Peter Shelton

To bivy, or not to bivy, that is the question.

Posted in Personal History, Ski history, Watch columns by pshelton on January 19, 2012

It was probably about this time of year, in 1978 or 1979, when Davey O’Brien, late of Olympic Sports, proposed a ski tour to Dunton hot springs.

Davey was one of Olympic’s ski equipment gurus back when the shop was next door to the Floradora Saloon, back before the United States Olympic Committee, citing copyright infringement, made them change their name.

Davey had a heart condition. His grandfather and father had both died young. We were about the same age, 30 give or take. He didn’t talk about it much, but he felt even then he was living on borrowed time. He loved to ski. And he loved the latest ski gear and snow camping and pushing himself on new adventures.

So, he got a posse together, four of us, and planned a tour from Woods Lake, south of Fall Creek, up over the shoulder of Wilson Peak and down the West Dolores River from near its headwaters to Dunton, which in those days was closer to its mining ghost-town past than to the “rustic luxury” resort it has since become. It did have hot springs, and a bar, and it sounded like the perfect end point for a mildly strenuous two-day tour.
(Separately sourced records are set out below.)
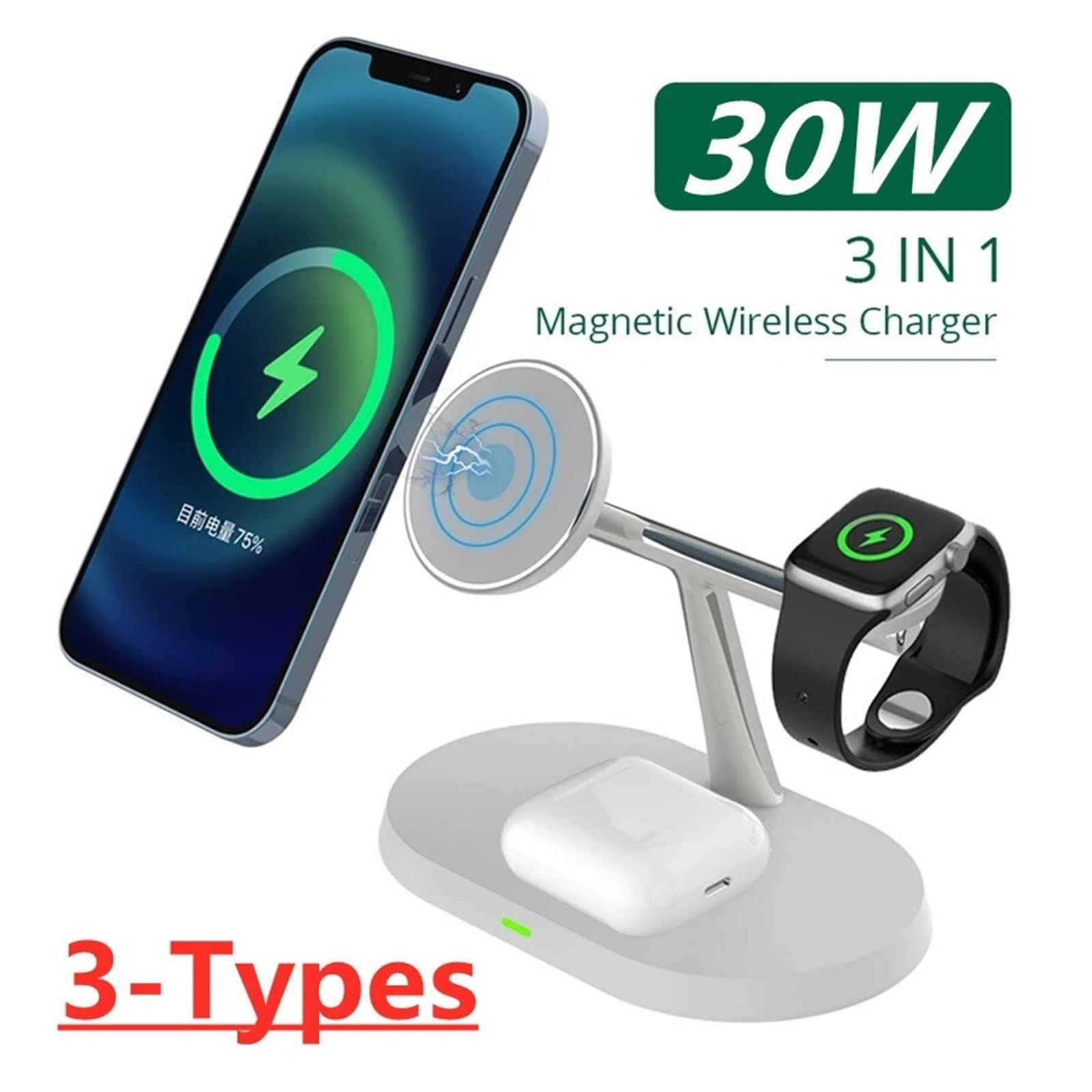 30W 3 en 1 Cargador inalámbrico magnético for teléfonos Inteligentes Qi Base de Soporte Carga rápida, Soporte Diseño portátil(Model JD85 Black)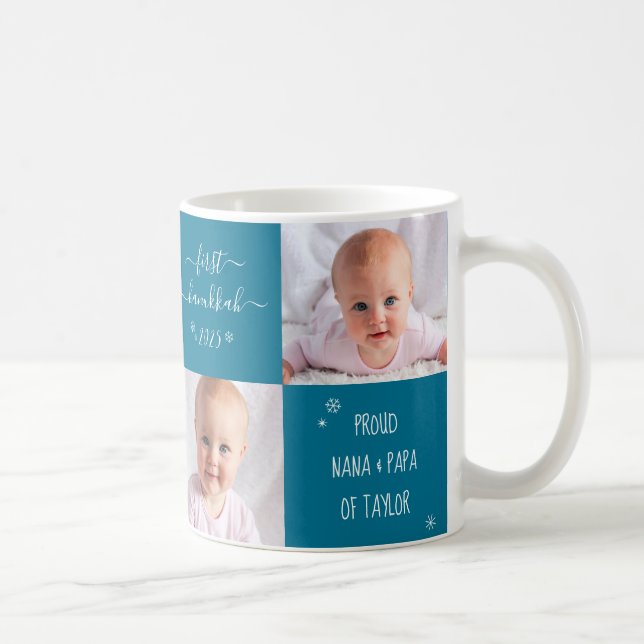 Mug Baby First Hanukkah Grandparents 2 Photo Custom (Droite)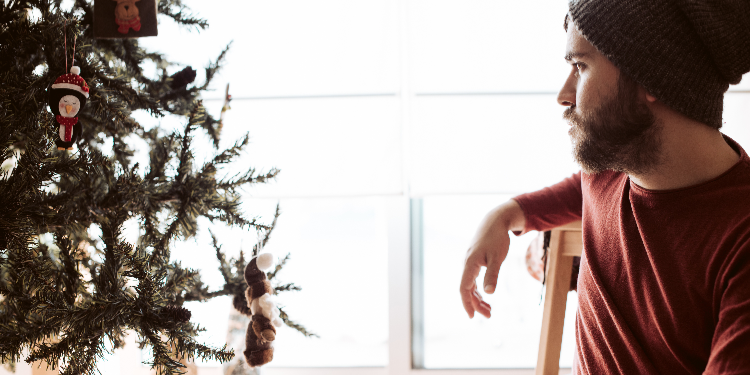 man alone for Christmas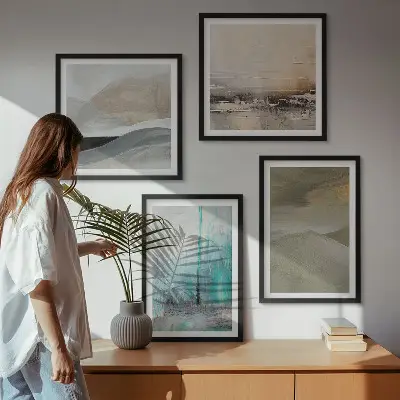 Abstract wall art set painted decorative accents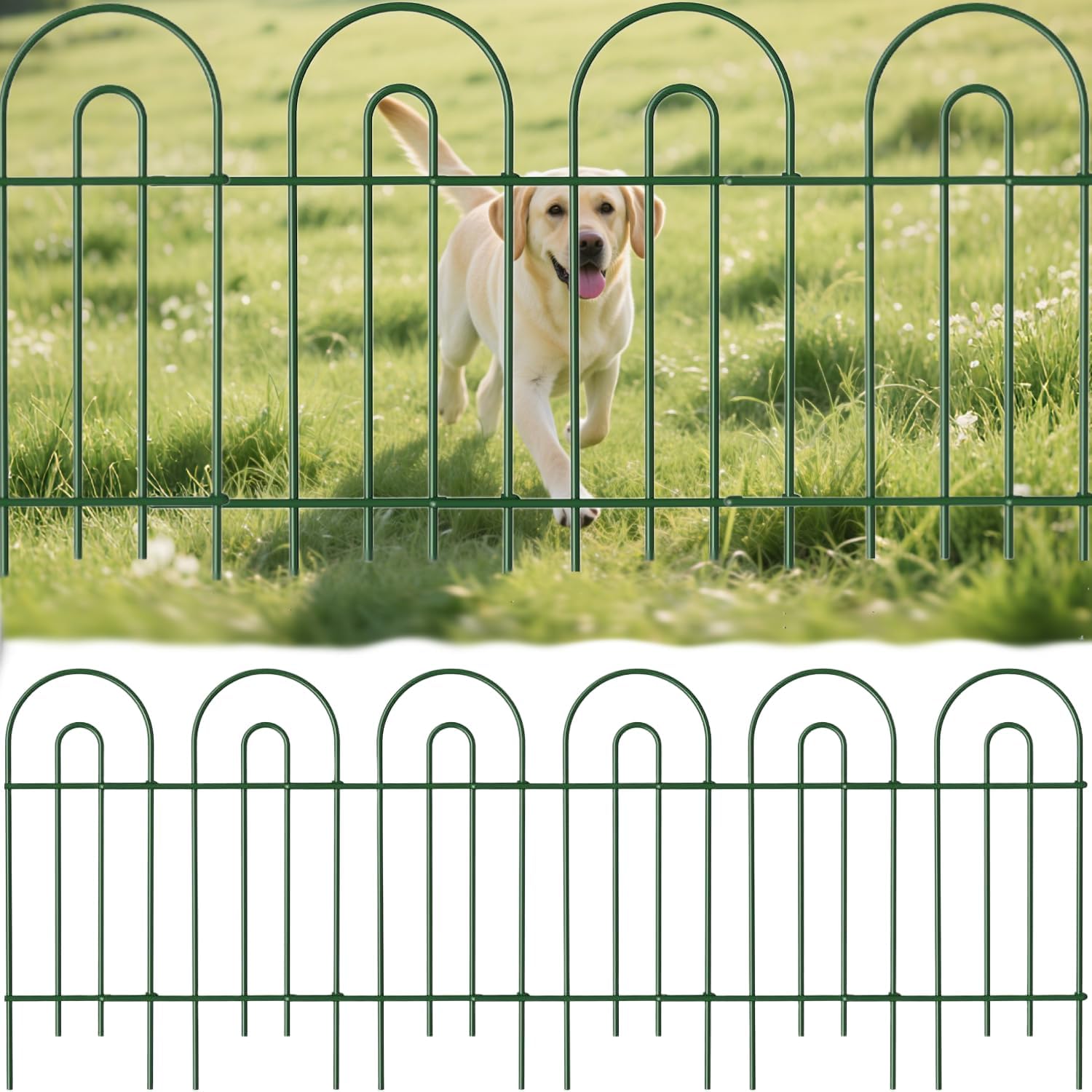 Amagabeli Garden Home 14 Panels Decorative Metal Garden Fence Panels Border 80CM(H) x6M(L) Outdoor Coated Metal Fencing Panels Rustproof No Dig Fence Garden Edging Landscape Small Fence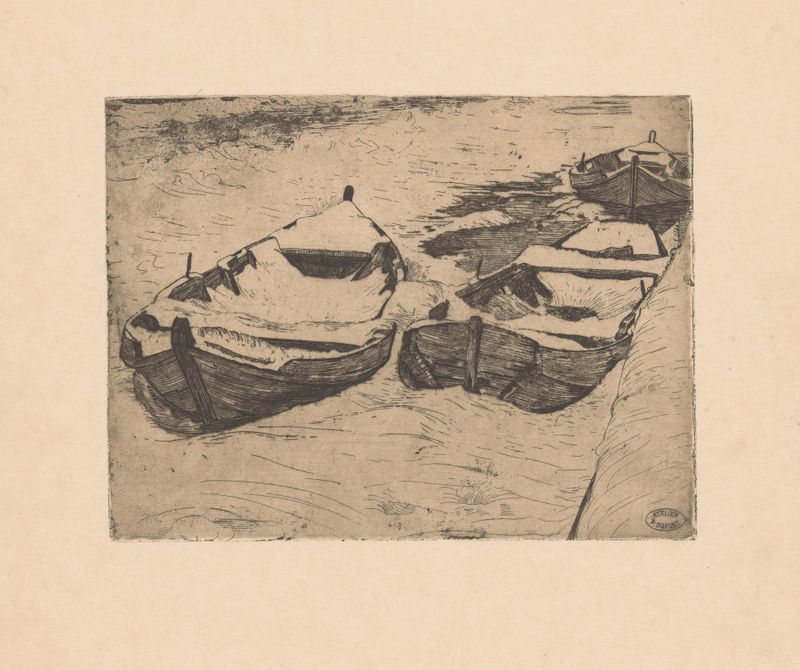 Snow-covered rowing boats in a winter landscape by Pieter Dupont, oil painting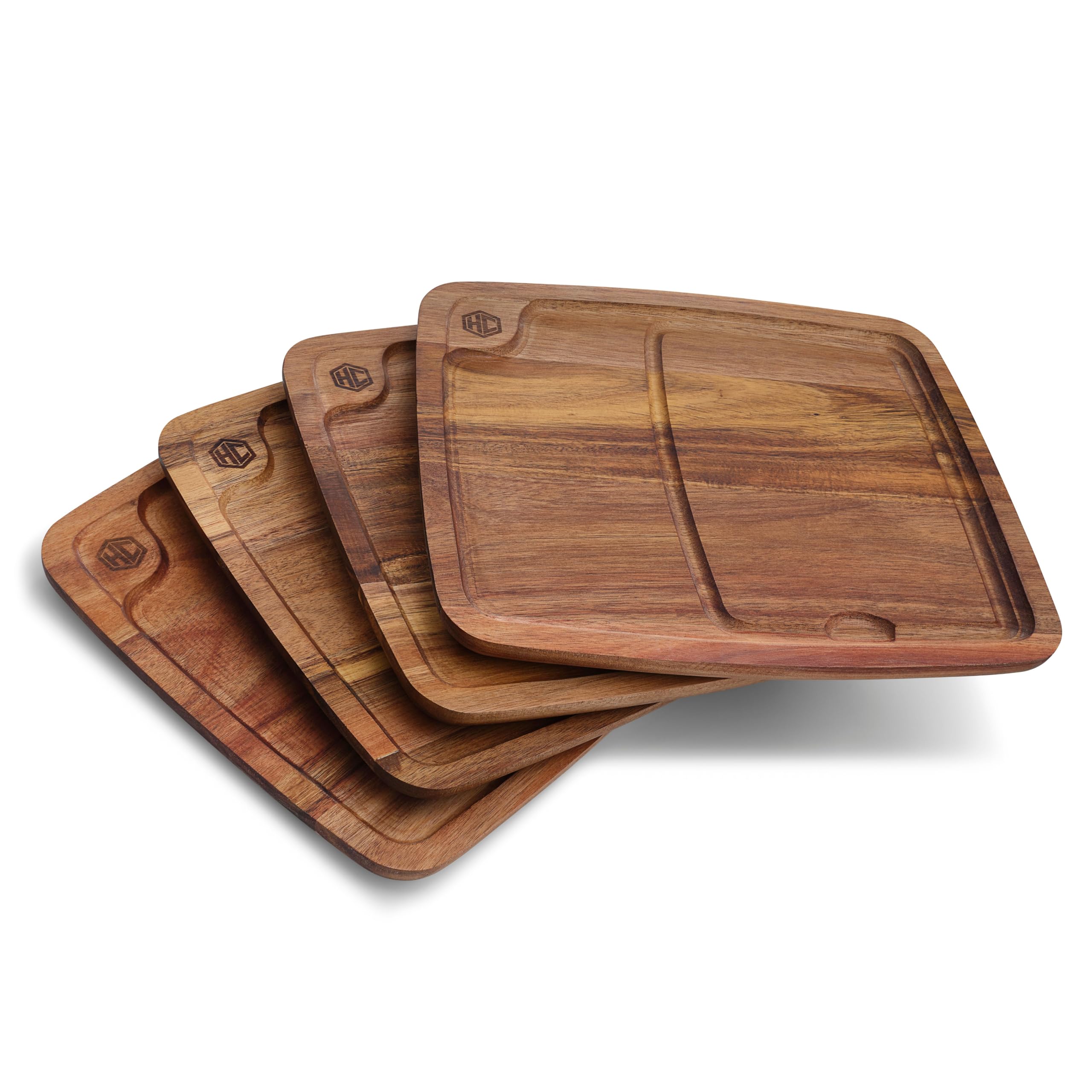 Amazon.com: HexClad 4-Piece Bistecca Wooden Steak Plate Set with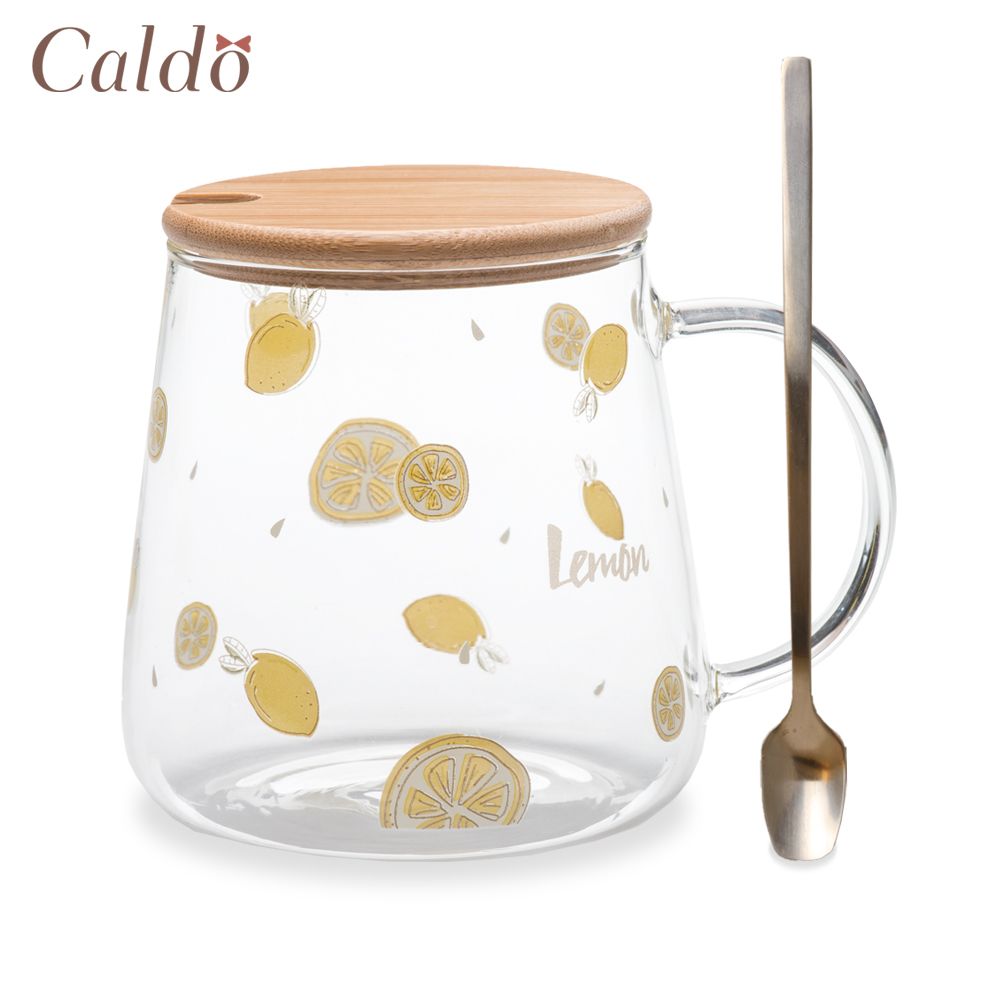 【Caldo 卡朵生活】夏日檸檬耐熱玻璃馬克杯(附蓋+匙) 450ML
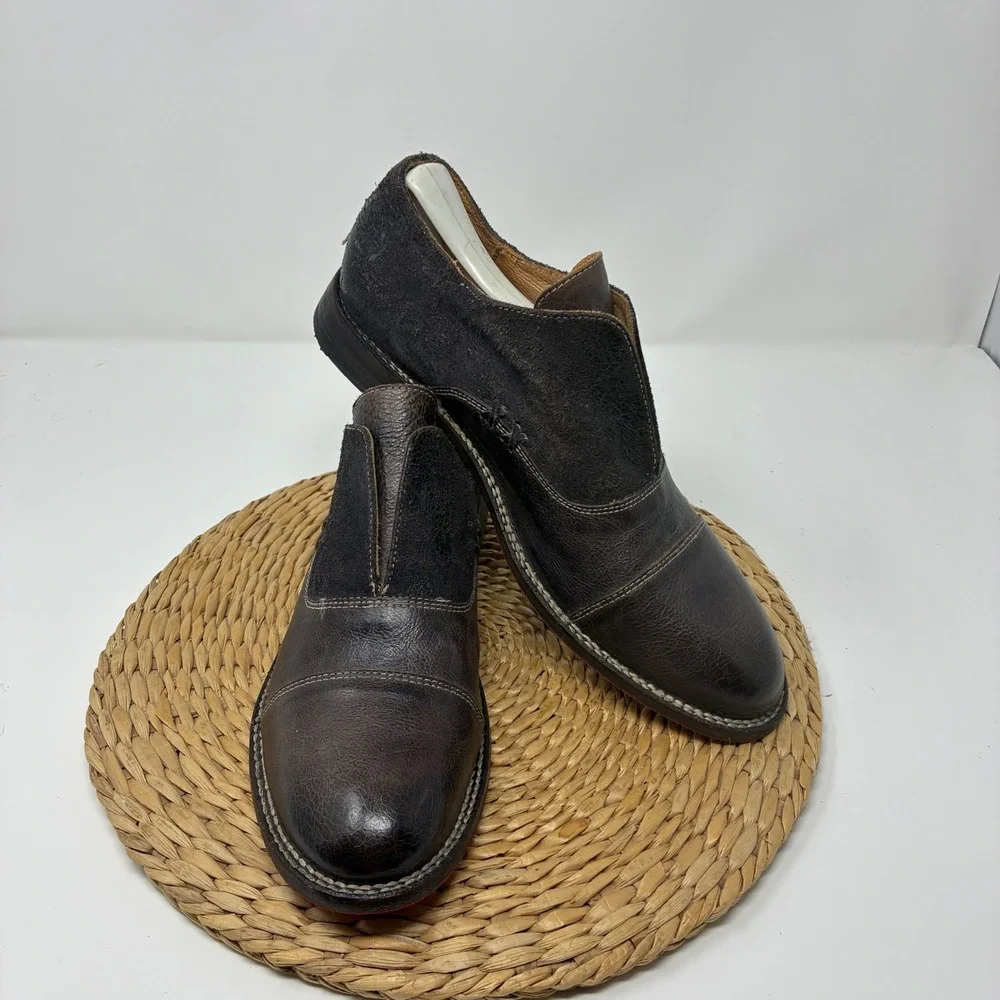 Bed Stu Women Dark Brown Distressed Leather Slip On Loafers Vibram Sole Size 11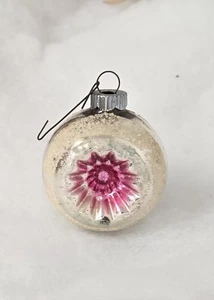 Vintage Brillante Brite Vidrio Mercurio Doble Rosa Sangría Navidad Adorno Rayas - Imagen 1 de 9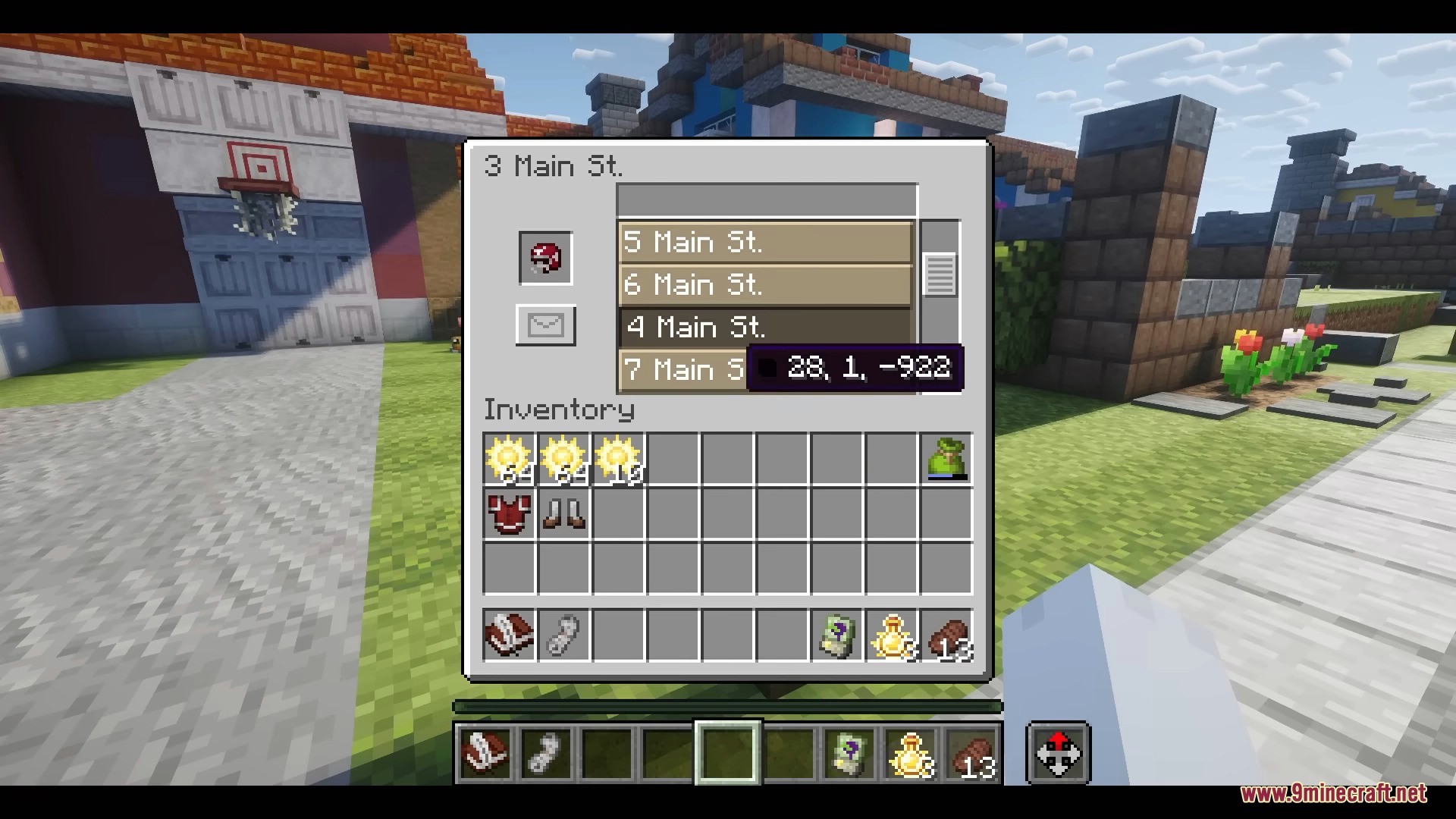 Plants & Zombies Mod Screenshot 12 Player using a blue mailbox block interface with sun currency in inventory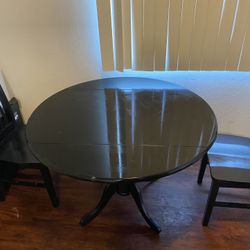 Black Kitchen Table W/pull Out Leaf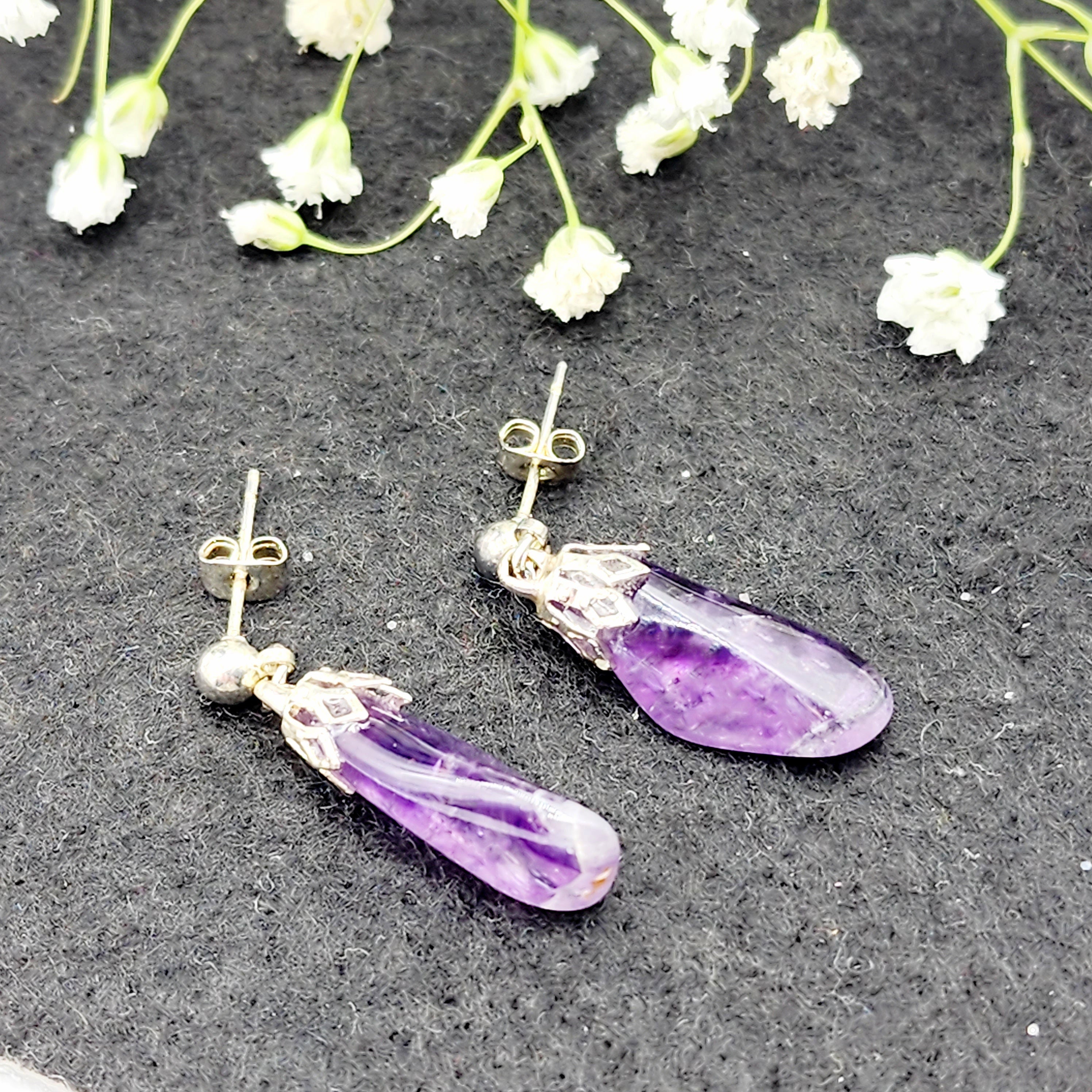 Silver Natural Amethyst Drop Earrings, February Birthstone, Amethyst Set Jewelry for Women, Gift for Girls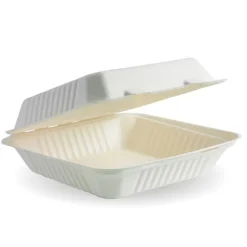 23x23x8cm / 9x9x3in White Plant Fibre Clamshell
I was new to Telluride, having arrived in the summer of 1976. I’d never been to Dunton. Jerry Greene, who’d fired up Baked in Telluride a couple of years previous, was also along. (It was always good to have the bagel man along.) And the fourth was the new doctor in town, whose name escapes me, perhaps because he didn’t stick around very long.

He was young and fit, and had all the best skis and boots and parkas and stuff, and he wanted to come, so Davey said sure. Davey said there was an abandoned cabin on the Woods Lake side of the divide where we’d spend the night. No need to bring a tent or anything; there’d be a roof over our heads. And sure enough, after an afternoon’s slog we found it right about treeline – grayed logs sagging back to the earth, and the whole thing missing enough teeth to allow the interior to fill with snow. That was OK. We tamped out flat spots for our pads and sleeping bags (Davey was the only one who brought a weatherproof bivouac sack in which to zip his bag) and spent a quiet, if cold, night watching the earth spin – stars appearing and then vanishing in the inky slits between roof boards.

Before dark, we had made a fire out in the snow and stood around its crackling warmth. Someone, maybe it was Davey, had brought a few cans of soda, Coke or Dr. Pepper, or something. They tasted really good after our long hike, until the doctor told us that all caffeine drinks were diuretics, that they ultimately cost you more fluid than you were taking in, and were therefore a contributor to dehydration, which was, we knew, a contributing factor in hypothermia.

(It turns out new research says this is not true, the diuretic part – unless you were to drink seven or eight cups of coffee, say. It was one of a few crucial things the good doctor got wrong.)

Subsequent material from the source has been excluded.